Les bottes étaient très belles. Elles montaient jusqu’au genou, très souples, bien taillées.
(…)
Ils étaient là, sombres contre la lumière, un grand V de canards sauvages partant vers le sud dont la silhouette se découpait dans l’air en dessous de la lune. Comme une conversation étouffée, leur jacassement continu parvenait aux oreilles de ces deux êtres humains, tombant du ciel vers la terre. (…) Il y avait là plus d’oiseaux que la terre ne pouvait en engendrer. Sans rien dire, tout près l’un de l’autre, ils les regardèrent disparaître au sud, jusqu’à ce que le dernier écho s’éteigne.
(…)
Ellie Pearl contempla le ciel blafard, presque vidé de ses étoiles à cause de la lune. Elle posa ses mains manucurées sur les avant-bras de Tige Tigard qui la tenait. Sous la peau brune, les longs muscles noueux formaient comme des cordes. Elle chancela mais s’accrocha à cette rudesse silencieuse.
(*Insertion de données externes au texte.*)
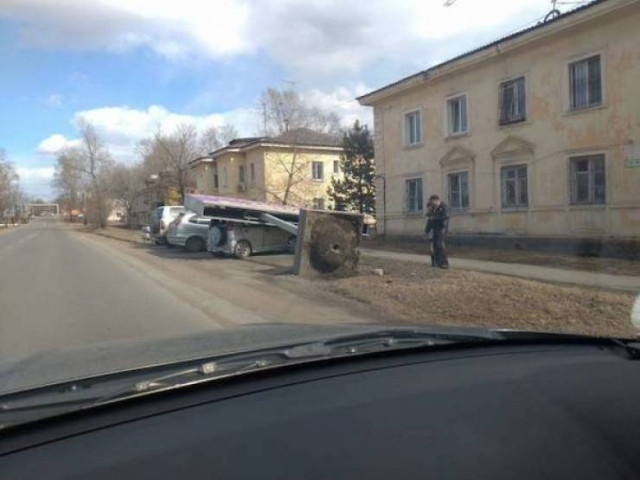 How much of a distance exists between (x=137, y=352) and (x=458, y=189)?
23.1 meters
Puis Tige Tigard la fit simplement pivoter, la tenant toujours par les côtes. Il plaça son autre main sur sa nuque et pressa sa bouche contre la sienne. Elle vit ses cils comme des ombres pointues contre le clair de lune. Dans la chemise rouge à carreaux et le jean raide, son corps était ferme et vivant contre le sien. Il la fit ployer lentement d’avant en arrière, ses épaules s’agitaient comme un arbre agité par le vent. Il sentait le whisky et les pommes, et Ellie Pearl tournait comme la terre, en orbite, sous la pression de cet homme, des montagnes et de la nuit. Quand le sac argenté s’échappa de ses doigts, elle ne remarqua même pas où il tombait.
Au-dessus de sa bouche offerte, elle voyait la tête de l’homme comme un nuage de force brute. Sous ses vêtements, il brûlait de désir pour elle, dans tout son corps. »

Kressmann Taylor, Ellie Pearl (traduit de l’anglais (américain) par Laurent Bury)

« Viens ici et remercie-nous, moi et ce jeune homme innocent »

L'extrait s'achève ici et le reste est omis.